Bojän, suivi du regard par Deön, se tourna vers l’un des croiseurs. Il vit alors le sous-chef de la Milice se présenter à la proue du navire, précédé de la capitaine Morgän.

[1] Note supplémentaire sur la grada : cf. Glossaire/Expressions. Pour rappel, beaucoup de peuples utilisent des cadrans solaires pour se repérer temporellement, mais selon leur disposition, les gradas (abréviation d’une ”graduation de temps“) ne désigne pas le même laps de temps (sur un cadran à 12 gradas, une grada dure environ 50 minutes les jours courts, 1h10 les jours longs ; sur un cadran à 32 gradas, une grada dure environ 18 minutes et demi les jours courts, 25 minutes les jours longs)
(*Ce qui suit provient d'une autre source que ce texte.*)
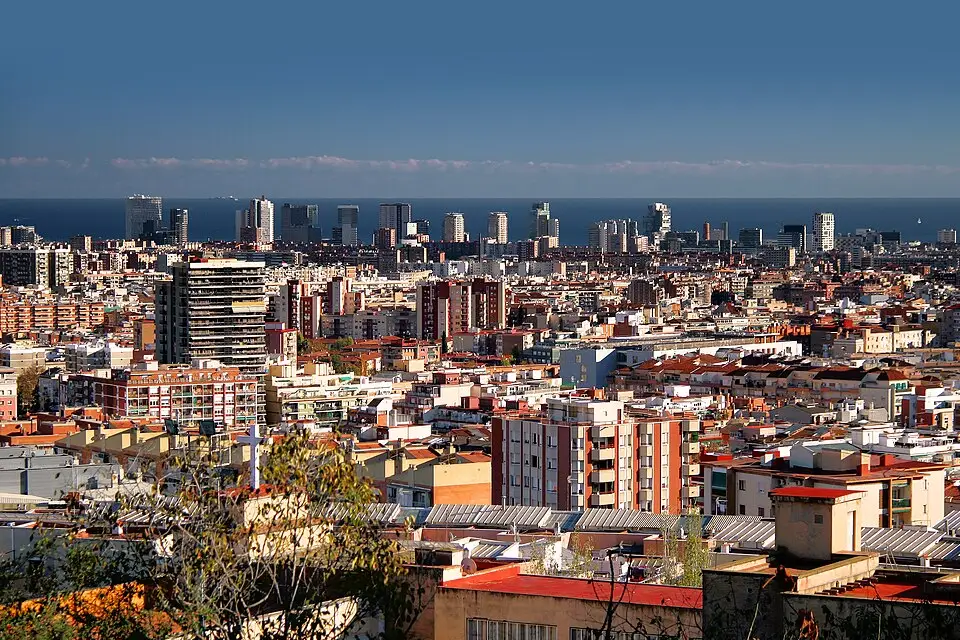 Landschaft und Sehenswürdigkeiten in Barcelona für Barrierearme Busreise Barcelona – Reiseguide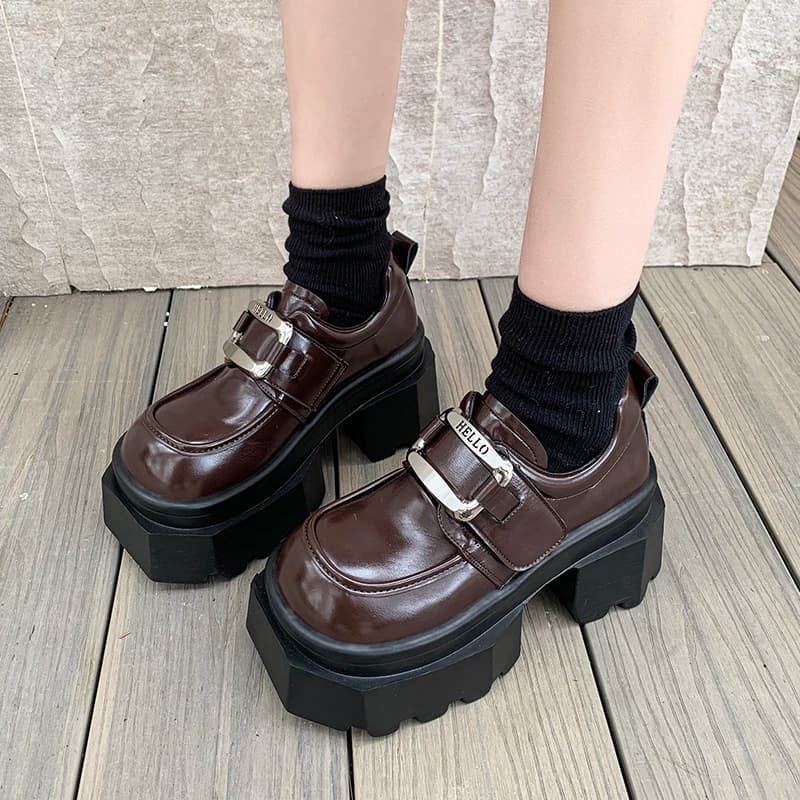 Mocassini con plateau da 9 cm per donna Stilista con suola spessa Scarpe casual da donna Comode fibbia per cintura in pelle Mary Jane Tacchi alti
[2] Caradjetta(s) : cf. Glossaire/Artefacts-Mécaniques. Un véhicule volant de grosse taille, souvent désigné ainsi pour son utilité marchande. Un caradjetta, association du terme « caravelle » et « djetta », peut abriter un équipage, ainsi qu’un magasin à l’intérieur de sa coque. Il faut souvent jusqu’à huit tonnomoteurs pour le faire décoller.

[3] No Jagolèn : cf. Glossaire/Civilisations. Le titre donné au Duc de Golèn.

[4] Nyggo(z) : cf. Glossaire/Civilisations. Une monnaie courante dans les mers du sud-est. Le nyggo (la pièce) de bronze correspond à un nyggoz entier, le nyggo cuivré à un dixième de nyggo et une nyggo d’argent à dix nyggoz.

[5] Vera(s) : cf. Glossaire/Civilisation. Une unité de mesure correspondant à un mètre. Sur Suän Or et les îles connectées, on mesure ainsi les hauteurs en pouce puis en pied et les distances en vera puis en lieue (une lieue équivaut à quatre mille veras environ). Cependant, le terme reste peu utilisé.